At Art of the Mix: Sting Sundries. This one goes back a ways: 18 years, to be exact.
I was just getting started in pop music and was discovering the wonder of the b-side. Since I only listened to a handful of artists and since Sting’s 1987 release “…Nothing like the Sun” was in the process of rocking my world, I was seeking out Sting singles for the b-sides. I found two: the 12″ vinyl of “We’ll Be Together” and the CD3 of “Englishman in New York.” I subsequently went crazy trying to figure out how to get the CD3 to play so I could tape it. You could buy an adapter to make it a 5” disc, but the adapter wouldn’t work in my parents’ CD player so I had to beg friends to let me see if it would play in theirs. I finally managed to tape the songs and in my infinite wisdom sold the CD3 some years later. At least I still have the vinyl.
I filled half a 60 minute tape with Sting rarities and shared it with Fury, who filled the other side with Dream of the Blue Turtles era b-sides and cuts from the Eberhard Schoener album Video Magic. I was hooked. I still have the tape.
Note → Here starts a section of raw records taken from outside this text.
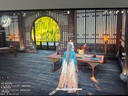 AOC 23.8英寸2K 180Hz高刷护眼办公 FastIPS HDR 6轴调色 出厂校色 低蓝光不闪 电竞电脑显示器Q24G51 实拍图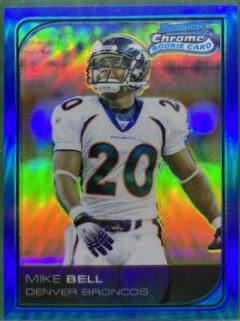 Mike Bell [Blue Refractor] #232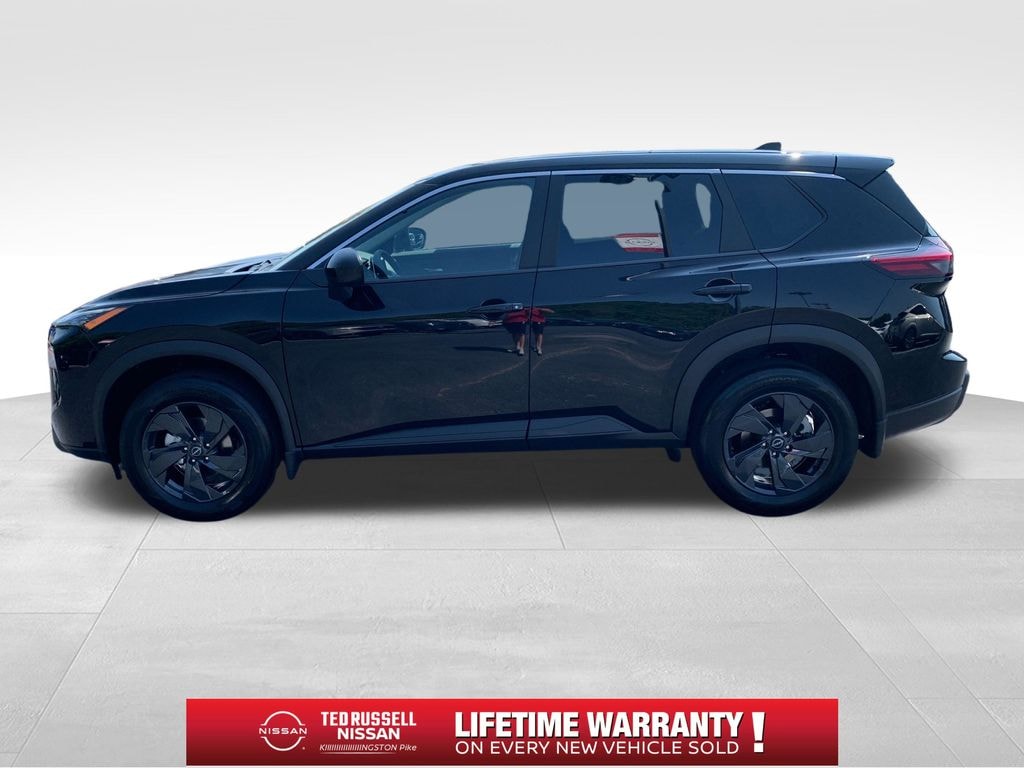 New 2026 Nissan Rogue SV SUV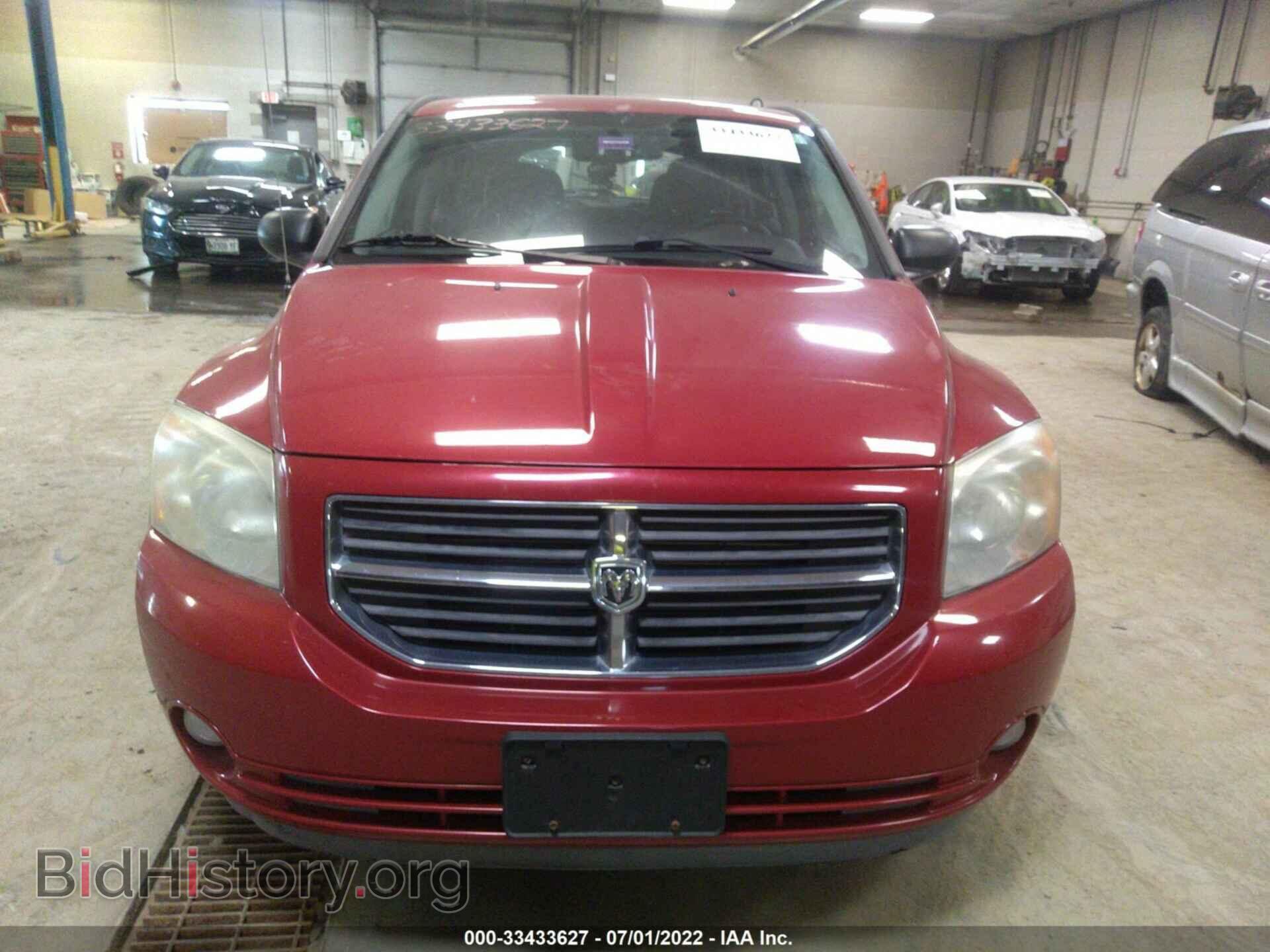2011 DODGE CALIBER - VIN: 1B3CB3HA7BD225261 - Фото 6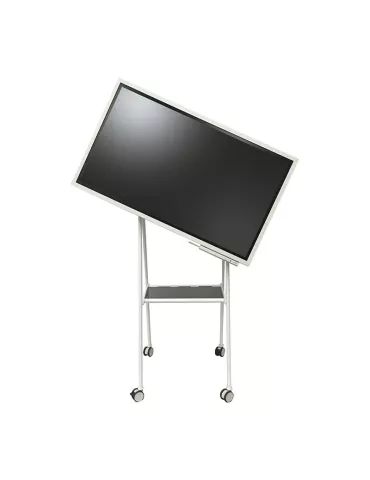 EUROMET 17000 Support sol mobile  TURN  Ecran Vesa Max 600x400 2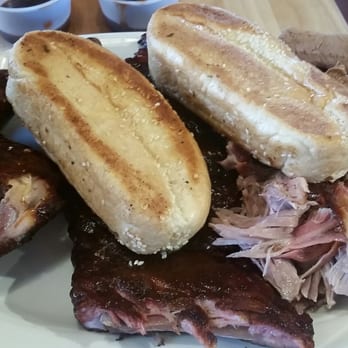 City Barbeque - Judges sampler - Barbeque Near Me - Durham, North Carolina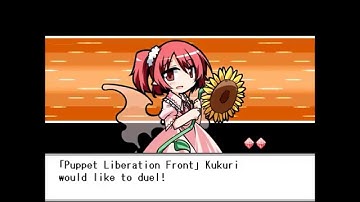 Touhou Puppet Dance Performance Pt. 33 - Suzuran Field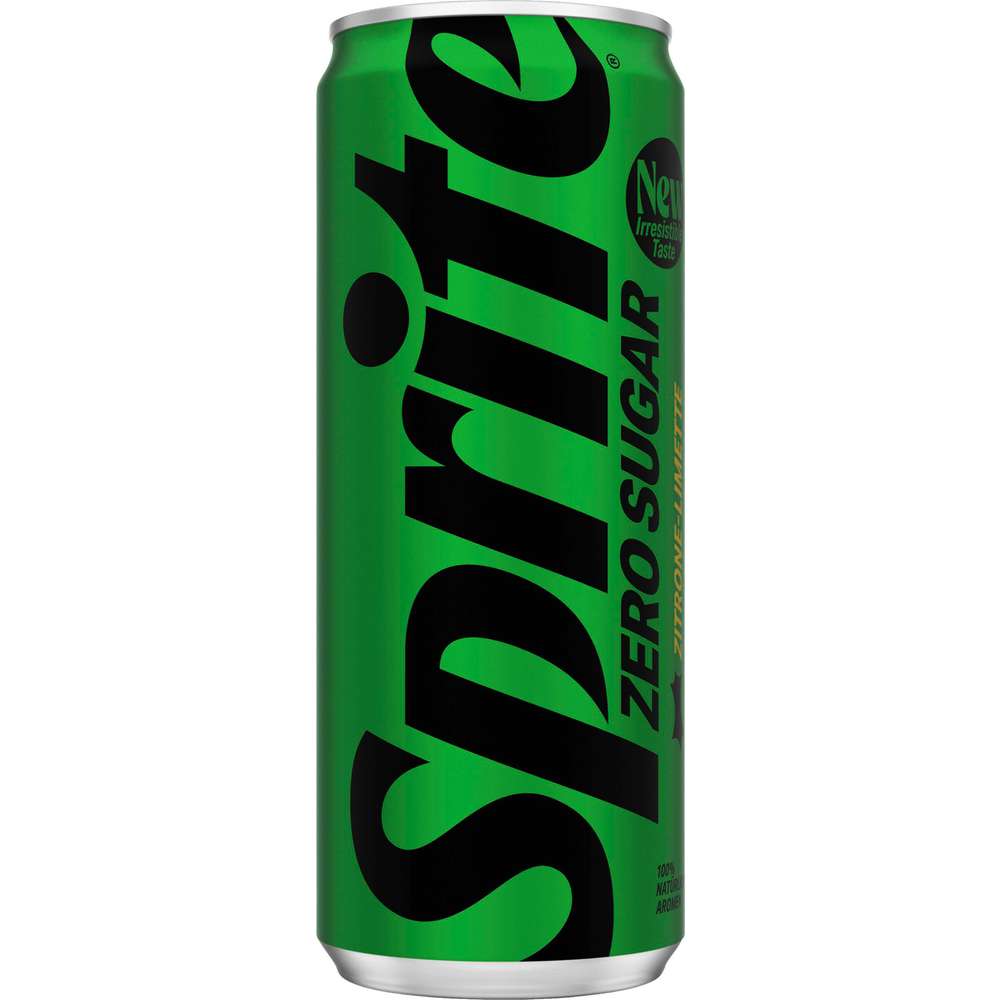 Produktabbildung Sprite Zitronen-Limonade Zero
Fast forward: many b-sides and the Internet later, I’m still missing five of the songs on the original tape in digital form but decided to release an updated version anyway with some newer rarities added in, including prototype cuts from Strontium 90, the band in which Sting met Andy Summers and Stewart Copeland, and a 1978 single from Sting with a backing band called the Radioactors. For those missing five songs, including the ten-minute version of “Up From the Skies” recorded in the studio with Gil Evans’ band, I’ll have to keep looking.